OmniGlue: Generalizable Feature Matching with Foundation Model Guidance

Hanwen Jiang,Arjun Karpur,Bingyi Cao,Qixing Huang,Andre Araujo
2024-05-22
Abstract:The image matching field has been witnessing a continuous emergence of novel learnable feature matching techniques, with ever-improving performance on conventional benchmarks. However, our investigation shows that despite these gains, their potential for real-world applications is restricted by their limited generalization capabilities to novel image domains. In this paper, we introduce OmniGlue, the first learnable image matcher that is designed with generalization as a core principle. OmniGlue leverages broad knowledge from a vision foundation model to guide the feature matching process, boosting generalization to domains not seen at training time.
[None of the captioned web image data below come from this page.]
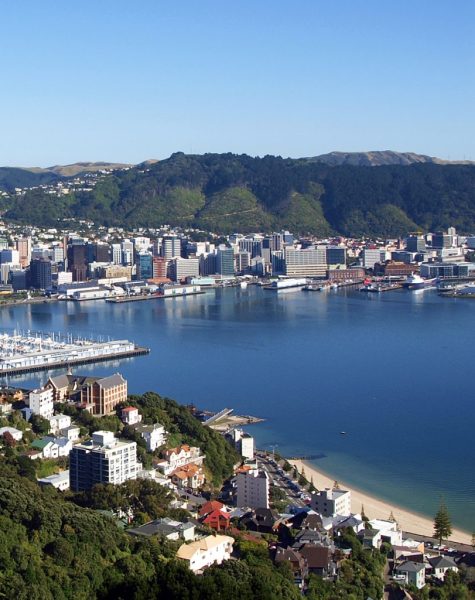 Wellington New Zealand (Panorama View)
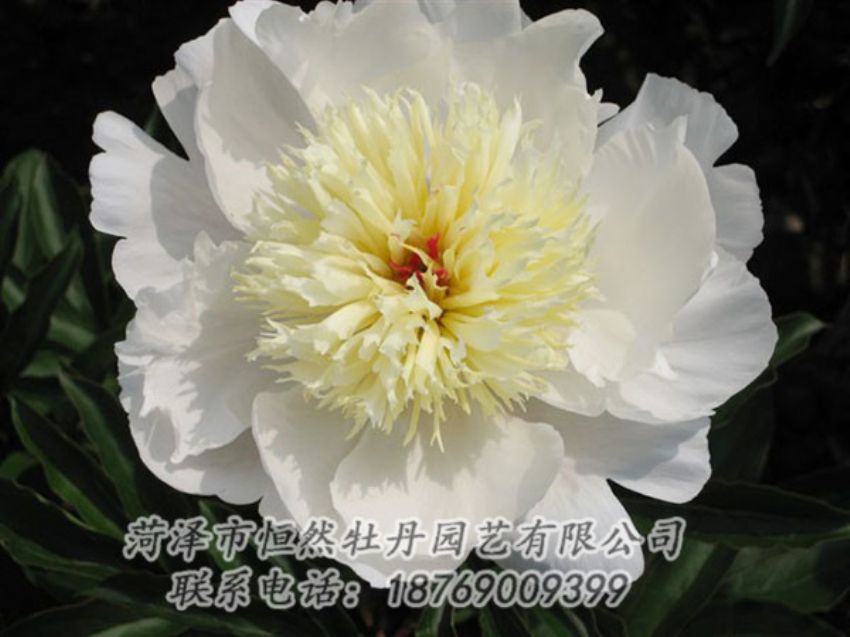 點擊查看詳細信息<br>標題：金簪刺玉 閱讀次數：1244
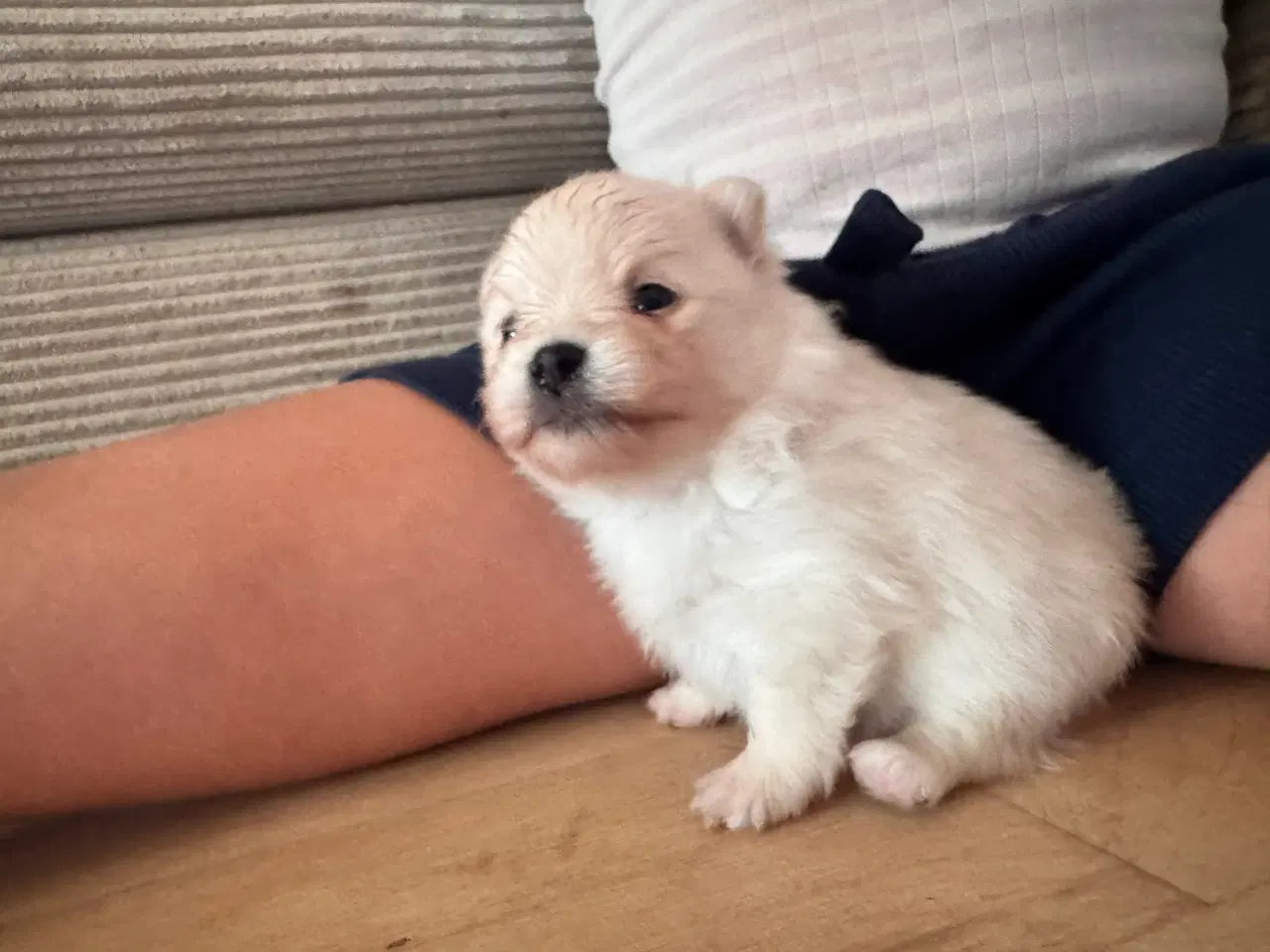 Billede 8 - Pomeranian Merle hvalp 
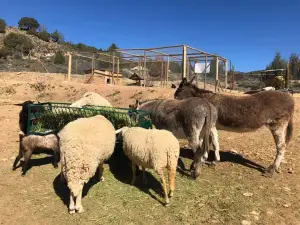 fauna La Maleza Park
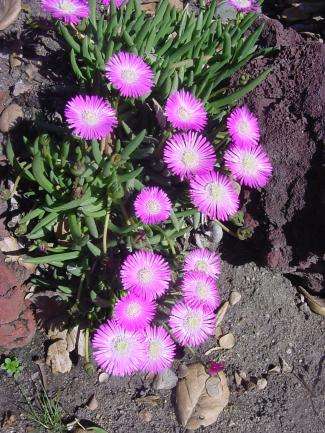 Pink Spike Iceplant - Cephalophyllum pulchrum Seeds - Indigenous Succulents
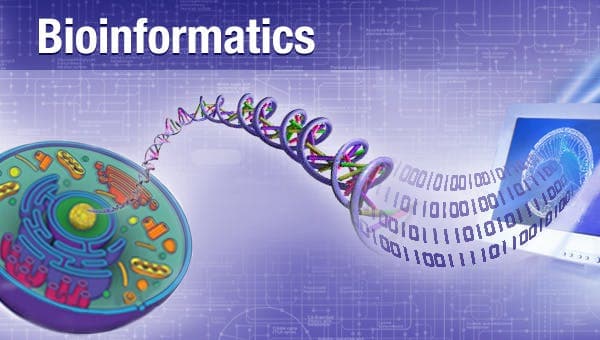 L'università di Bari si apre al futuro: via alla nuova laurea in Bioinformatica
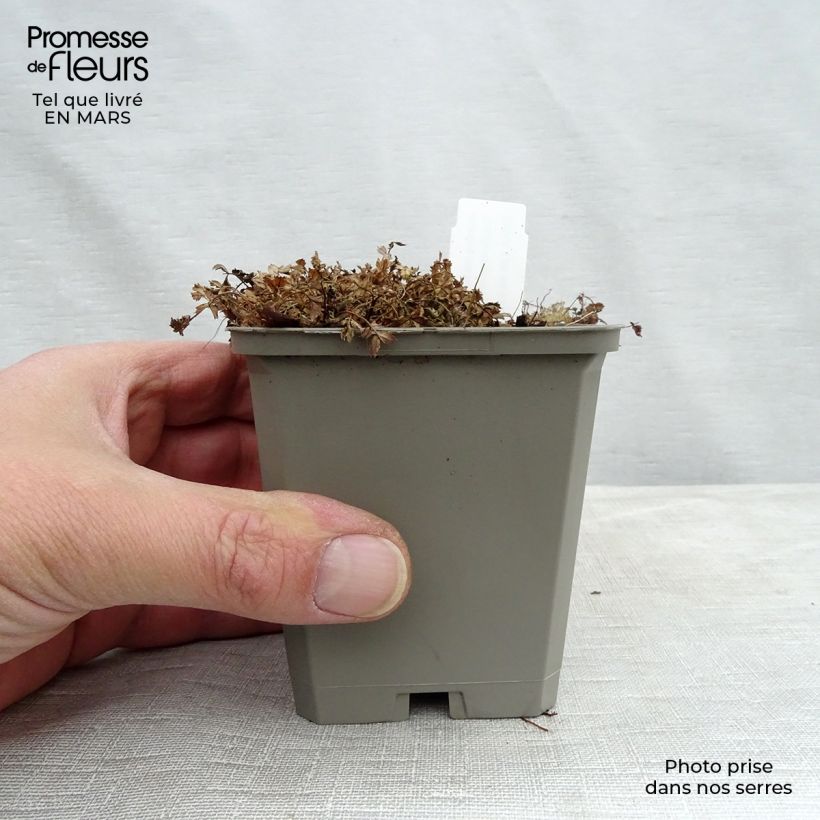 Acaena microphylla Kupferteppich Vasetto da 8/9 cm esemplare consegnato in inverno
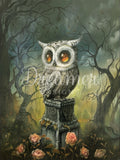 The Watcher Diamond Art Painting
Additionally, we propose a novel keypoint position-guided attention mechanism which disentangles spatial and appearance information, leading to enhanced matching descriptors. We perform comprehensive experiments on a suite of $7$ datasets with varied image domains, including scene-level, object-centric and aerial images. OmniGlue's novel components lead to relative gains on unseen domains of $20.9\%$ with respect to a directly comparable reference model, while also outperforming the recent LightGlue method by $9.5\%$ relatively.Code and model can be found at
Computer Vision and Pattern Recognition
What problem does this paper attempt to address?
The problem that this paper attempts to solve is that in the field of image matching, although existing methods perform well in traditional benchmark tests, their generalization ability on new and unseen image domains is limited. Specifically, while current methods perform excellently in specific visual domains (such as outdoor and indoor scenes), their performance usually drops significantly when dealing with data from different domains (for example, object - centered or aerial - view images). This limits the potential of these methods in real - world applications. Therefore, this paper proposes OmniGlue, which is the first learnable image matcher designed with generalization ability as the core principle. OmniGlue enhances the generalization ability for domains not seen during training by leveraging the extensive knowledge of visual foundation models to guide the feature - matching process. In addition, OmniGlue also introduces a new keypoint - location - guided attention mechanism, which separates spatial and appearance information, thereby generating more powerful matching descriptors. Through comprehensive experiments on datasets of multiple different image domains, it is proven that OmniGlue has a relative gain of 20.9% over existing methods on unseen domains and also shows significant advantages over directly comparable reference models.